(INPUT RECORDS begins)

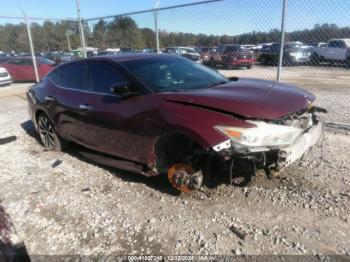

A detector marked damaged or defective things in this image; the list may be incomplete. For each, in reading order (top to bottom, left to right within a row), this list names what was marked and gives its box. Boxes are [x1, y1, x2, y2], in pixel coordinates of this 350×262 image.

crumpled hood [160, 77, 316, 119]
damaged nissan maxima [26, 53, 326, 192]
wrecked car [26, 53, 326, 192]
shattered headlight [215, 120, 302, 147]
crushed front bumper [276, 120, 322, 168]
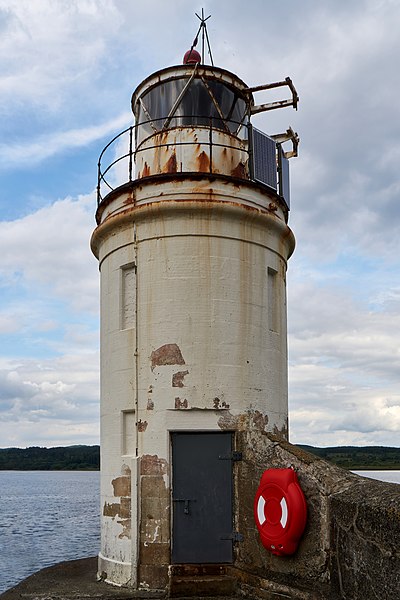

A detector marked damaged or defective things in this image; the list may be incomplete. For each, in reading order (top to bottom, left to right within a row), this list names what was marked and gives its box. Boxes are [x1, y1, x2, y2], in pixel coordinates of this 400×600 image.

peeling paint patch [151, 342, 185, 370]
peeling paint patch [172, 370, 189, 390]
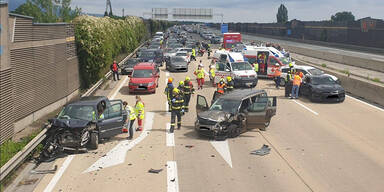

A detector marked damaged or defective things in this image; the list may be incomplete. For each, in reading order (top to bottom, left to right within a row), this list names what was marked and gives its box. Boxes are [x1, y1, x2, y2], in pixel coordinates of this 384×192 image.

damaged dark car [38, 97, 127, 161]
damaged dark car [195, 89, 276, 140]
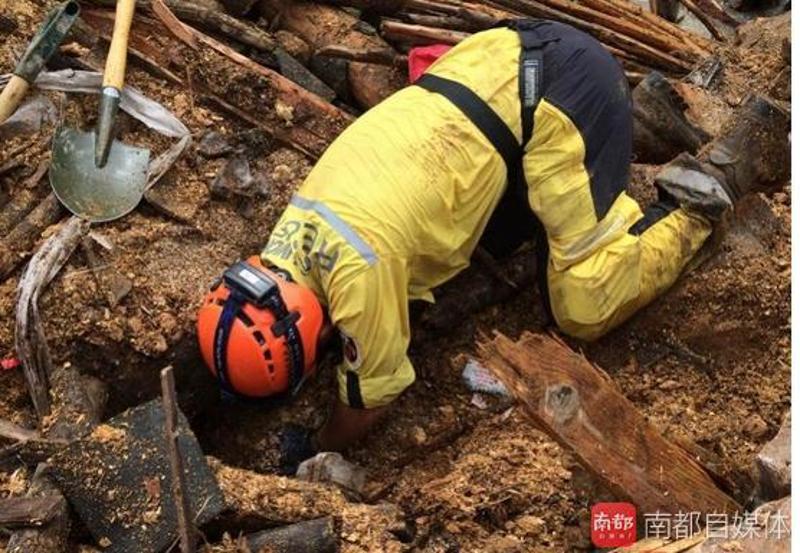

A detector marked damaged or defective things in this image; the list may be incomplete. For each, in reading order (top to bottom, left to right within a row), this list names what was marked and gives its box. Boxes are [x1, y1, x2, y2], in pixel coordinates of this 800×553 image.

broken wooden beam [0, 494, 65, 528]
splintered wood [478, 330, 740, 516]
broken wooden beam [478, 330, 740, 516]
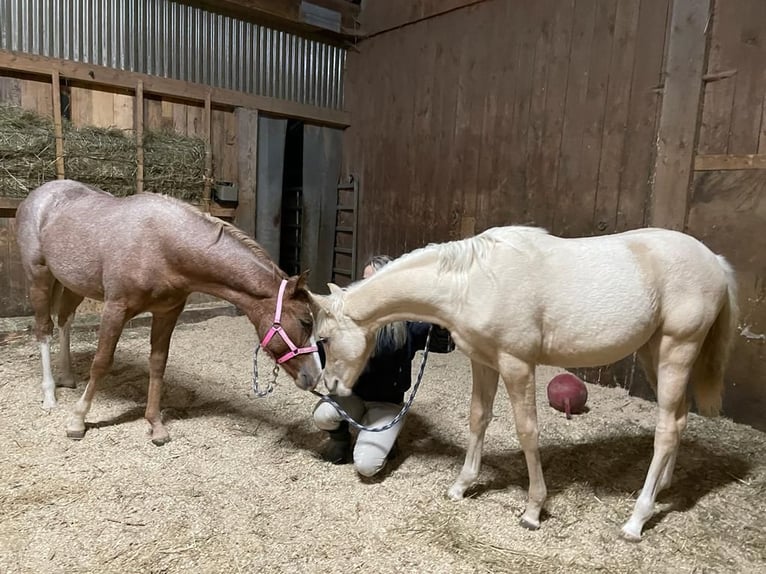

(INPUT RECORDS ends)

EXERCISE DIRECTIONS:
Print the data exactly as written, dropping any images it holds.

ANSWER BELOW:
A detector marked damaged or defective things in this image; the list may be incomplete. For each, in reading order (top to bottom, left to right within a row), this list names what was marked and gives its box. Boxes are [x1, y1, x2, y2], in pixel coordinates of this 350×262 image.

crumpled hood [160, 77, 316, 119]
damaged nissan maxima [26, 53, 326, 192]
wrecked car [26, 53, 326, 192]
shattered headlight [215, 120, 302, 147]
crushed front bumper [276, 120, 322, 168]

A detector marked damaged or defective things in this image; the list may be incomplete. For each, in reading order (top to bottom, left to right within a row), this list names what was marked and gives its box. Boxes are [x1, y1, x2, y2], in pixel coordinates of this 400×600 image.

peeling paint patch [151, 342, 185, 370]
peeling paint patch [172, 370, 189, 390]

A detector marked damaged or defective things in this image; the list may be incomplete. For each, in reading order (top to bottom, left to right within a row), this list names what was marked and gives its box. Boxes are [x1, y1, x2, y2], in pixel coordinates of this 384×192 image.

damaged dark car [38, 97, 127, 161]
damaged dark car [195, 89, 276, 140]

A detector marked damaged or defective things in this image; the list may be incomplete. For each, in reading order (top to bottom, left to right within a row), this list names what was marked and gives its box. Boxes are [x1, y1, x2, y2], in pixel coordinates of this 800×553 image.

broken wooden beam [0, 494, 65, 528]
splintered wood [478, 330, 740, 516]
broken wooden beam [478, 330, 740, 516]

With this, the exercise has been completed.